The whole time I was cleaning, I found the experience to be very rewarding. I actually enjoyed cleaning the dojo by myself. I got to thinking if this was a taste of what being an uchideshi was like. How I would love to be in a uchideshi program. Our dojo doesn't have one, but they do have a kenshusei program. As far as I know, no one is partaking in that program right now. This would seriously interest me if it weren't for me living 30 minutes away and being married. I would have to train more then I already am (four days a week) and I am pretty sure my husband would like me home. We hardly see each other as it is now with him working weekends and his "weekend" occurring on Tuesday and Wednesday.

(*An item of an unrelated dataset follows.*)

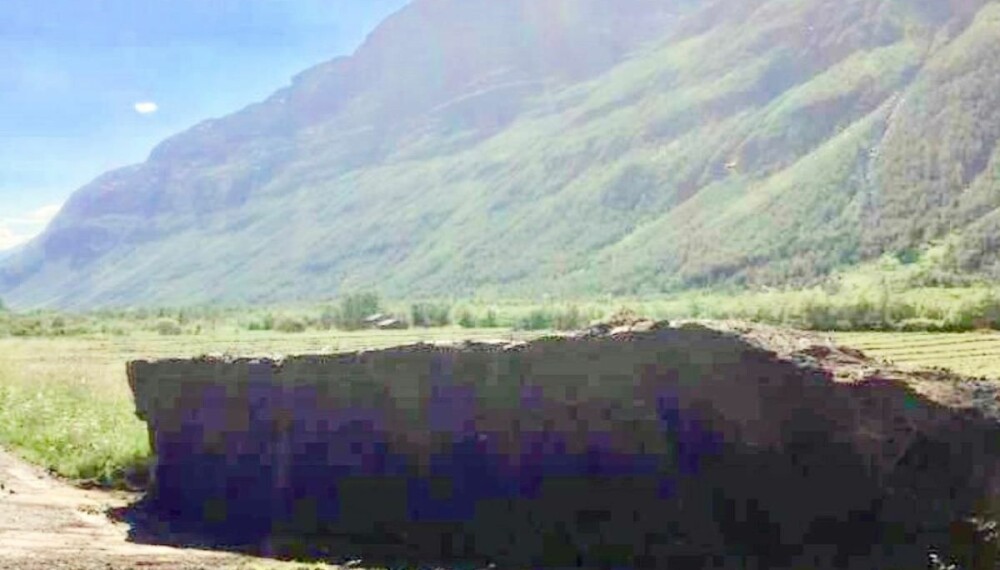 80 tonn: Steinblokken kom dundrende ned fjellsiden Gámanjunni - og måtte sprenges. Denne gangen ble hus spar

I walked downstairs and asked sensei if he minded if I stuck around the dojo until the seminar started. He told me I was more then welcome to stay. I told him I was going to walk to the coffee shop and asked if he wanted anything. After a long pause, he decided against it. I told him I locked the outside dojo door and would go upstairs about 15 minutes before the seminar to unlock the door and wait for everyone to come. He agreed that would be fine and then told me he was going to pick up the skeleton they needed for the workshop. I then changed and took all my crap back to the car. I then went to the coffee shop and got my chai tea and a slice of banana bread. I hadn't eaten since 7:30 this morning and wouldn't be home until around 5. Once I got back, I plopped myself on the couch downstairs and called my mom. While chatting, I ate my bread and drank my tea. Once I got off the phone with her, I emptied the two trashcans that were downstairs and then played games on my phone till sensei came back. He walked in without the skeleton and asked if anyone brought it by. I told him that no one stopped by. He then unlocked the spare room upstairs and asked me if I could take out the blankets for the workshop and asked if I could create a sign in sheet as well. I told him I would take care of it. He then told me he was going out again to find the skeleton.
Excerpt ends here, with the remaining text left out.